Moustapha RECHID-PACHA, est né à Constantinople vers la fin de l’année 1216 de l’Hégire (1802). Son père, Moustapha-Effendi, était chargé de l’administration générale des propriétés de la mosquée du sultan Bajazet[1]. Cet emploi jouissant d’un privilège particulier, était de droit héréditaire dans sa famille ; cependant, à la mort de Moustapha-Effendi, le sultan Mahmoud en disposa, pour l’accorder par faveur à l’un de ses chambellans.

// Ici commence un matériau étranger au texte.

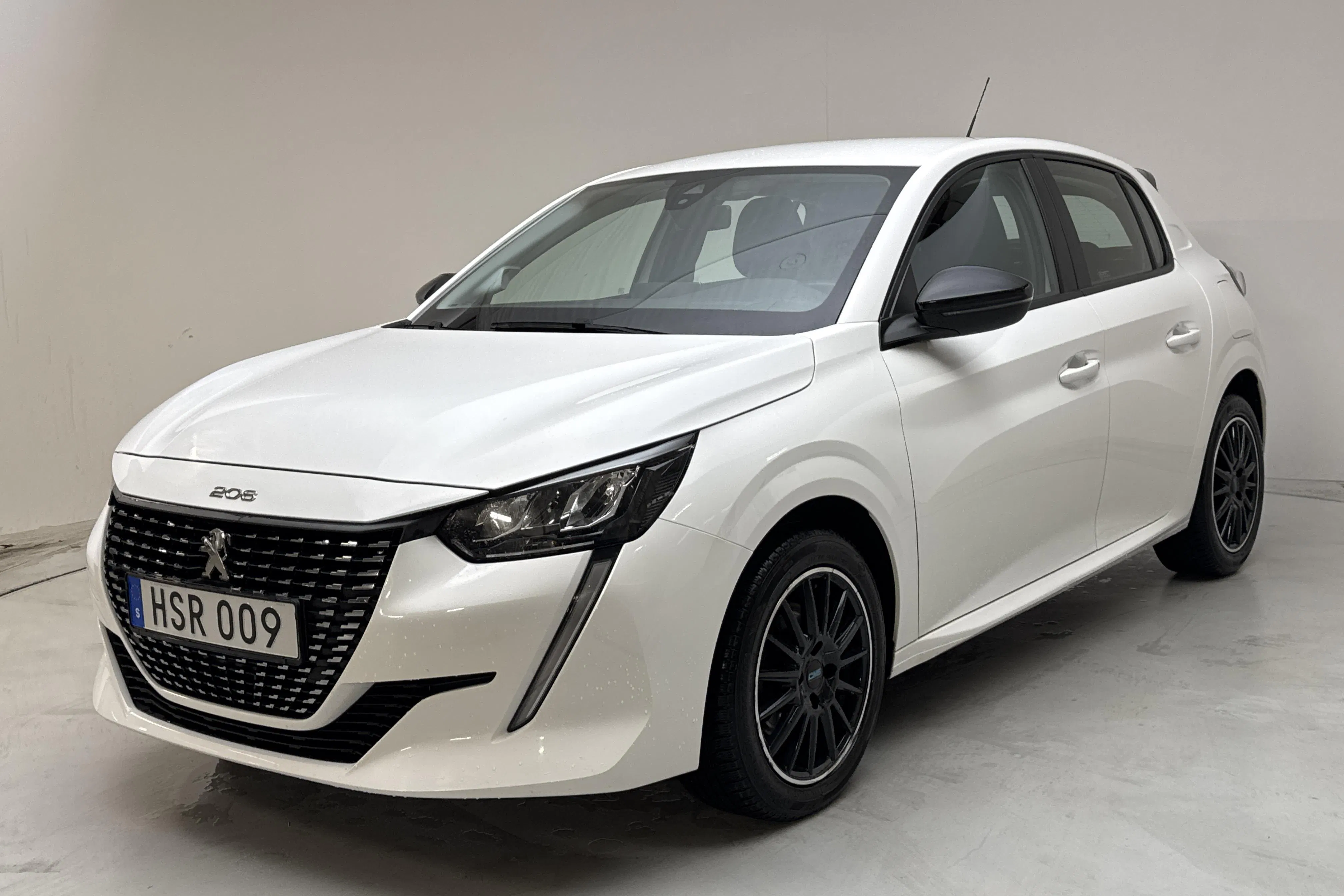 Presentationsfoto 1 av 12: Peugeot 208 1.2 PureTech 5dr (100hk) - 7 777 mil - Automat - vit - 2022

Moustapha-Effendi laissa à sa mort quatre enfants : deux fils et deux filles. Rechid était l’aîné des garçons. Il portait, ainsi que son frère, le titre de bey ; — ce titre est accordé, en Turquie, aux descendants des vizirs. — Rechid y avait droit par sa mère. — Celle-ci, devenue veuve et voyant son fils aîné frustré de la position qui lui revenait de droit, résolut de lui donner une éducation qui lui permît l’accès des positions les plus élevées de l’État. — Elle n’épargna rien pour rendre cette éducation aussi solide et aussi complète que possible. — En même temps, elle mariait sa fille à Ali-Pacha, gouverneur de l’une des provinces d’Asie. — En 1817, elle perdit cette fille qu’elle chérissait et bientôt elle la suivit dans la tombe.
Le jeune Rechid, sous le coup de l’affliction que lui avait causée cette double perte, quitta Constantinople. Son beau frère, Ali, l’engagea à venir le joindre en Asie et en fit son secrétaire particulier. — Rechid suivit, en cette qualité, son beau-frère, successivement dans les gouvernements de Morée et de Brusse et, enfin, à Constantinople lorsque Ali fut appelé au grand vizirat. — C’est sous le ministère d’Ali-Pacha, qu’il commença à compter dans la hiérarchie des fonctionnaires publics.
Mais, dans cette même année 1822, la révolution grecque ayant pris, tout à coup, un développement inquiétant, des mesures violentes furent proposées dans le divan contre les insurgés, par Halet-Effendi, alors favori du sultan et naguère ministre influent. Ali-Pacha refusa de s’associer à ces mesures. Destitué et disgracié par suite de ce refus, il fut exilé d’abord à Gallipoli, et plus tard, dans une province de la mer Noire. — Cependant la guerre de Morée se continuait et l’insurrection faisait chaque jour de nouveaux progrès ; Ali-Pacha, dont les talents militaires étaient reconnus, fut rappelé et mis à la tête de l’armée ottomane. — Rechid-Bey l’accompagna encore et partagea avec lui les fatigues et les dangers de la campagne. — L’issue de celle-ci ne fut point heureuse pour les Turcs, et elle amena la destitution d’Ali-Pacha (mort en 1826).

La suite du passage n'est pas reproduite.